> [WHAT IS BEING ASKED] An exact, word-for-word copy of the entries is required, beginning at the line that contains "Hunter Parrish" and ending at the last line, both included.

> [DATASET EXTRACT]
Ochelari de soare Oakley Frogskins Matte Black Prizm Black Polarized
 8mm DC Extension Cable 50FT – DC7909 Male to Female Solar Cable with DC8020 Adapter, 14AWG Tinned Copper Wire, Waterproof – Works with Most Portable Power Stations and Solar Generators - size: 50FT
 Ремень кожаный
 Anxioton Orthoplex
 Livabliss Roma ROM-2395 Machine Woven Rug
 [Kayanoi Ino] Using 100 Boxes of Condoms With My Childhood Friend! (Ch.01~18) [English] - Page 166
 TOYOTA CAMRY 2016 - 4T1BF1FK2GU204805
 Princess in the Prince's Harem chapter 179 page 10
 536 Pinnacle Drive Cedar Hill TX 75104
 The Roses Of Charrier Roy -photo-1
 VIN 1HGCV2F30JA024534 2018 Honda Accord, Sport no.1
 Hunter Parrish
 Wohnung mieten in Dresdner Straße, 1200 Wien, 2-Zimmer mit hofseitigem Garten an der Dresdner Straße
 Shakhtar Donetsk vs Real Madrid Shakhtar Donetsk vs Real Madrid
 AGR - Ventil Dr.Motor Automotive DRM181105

> [REPLY]
 Hunter Parrish
 Wohnung mieten in Dresdner Straße, 1200 Wien, 2-Zimmer mit hofseitigem Garten an der Dresdner Straße
 Shakhtar Donetsk vs Real Madrid Shakhtar Donetsk vs Real Madrid
 AGR - Ventil Dr.Motor Automotive DRM181105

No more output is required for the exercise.